Description and Objectives
This course surveys important developments, implications, and problems in the development of modern information technologies, emphasizing their relevance to the Internet and other current contexts. Students are expected to become conversant with the technical and intellectual roots of technological development and at the same time to understand important social issues in which that development is implicated. Beginning with the transition from orality to literacy and moving through the emergence of print, the course situates innovation in larger narratives of cultural change and historical process, continuing into the post-Cold-War expansion. Instructors will focus on various relevant themes that may include electronic democracy, the digital divide, globalization and post-nationalism, identity and security issues, and the social implications of "mass" versus "hyper" media.
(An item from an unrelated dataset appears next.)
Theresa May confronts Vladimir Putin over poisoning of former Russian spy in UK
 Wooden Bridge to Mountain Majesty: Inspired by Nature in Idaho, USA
By the end of this course, students will have a broad understanding of a variety of theoretical and disciplinary approaches to the subject of culture in the age of digital communications technologies. They will have applied a research method to one information technology-supported cultural practice and investigated the intersection between human practices and information technologies' affordances.


Required Texts
Howard, Phillip N. and Steve Jones, Eds.
Society Online. Sage, 2004.
ISBN: 0761927085


Jones, Steve, Ed.
Doing Internet Research. Sage, 1999.
ISBN: 0761915958


McCaughey, Martha and Michael Ayers, Eds.
Cyberactivism. Routledge, 2003.
ISBN: 0415943205


Watts, Duncan.
Six Degrees. WW Norton, 2003.
ISBN: 0393041425


Wellman, Barry and Haythornthwaite, Caroline (eds).
The Internet in Everyday Life. Blackwell Publishing, 2002.
ISBN: 0631235086


Plus handouts and on-line assignments listed on the syllabus.


Assignments and Grading Scheme
short paper September 30 20%
research question October 14 05%
research design October 28 15%
research report December 16 50%
participation 10%


Additional Policies
A statement of general academic policies appears on my Web site. That statement is an extension of this document. See http://iat.ubalt.edu/kaplan/policies.htm.

Please also read the University's policies in the Student Handbook.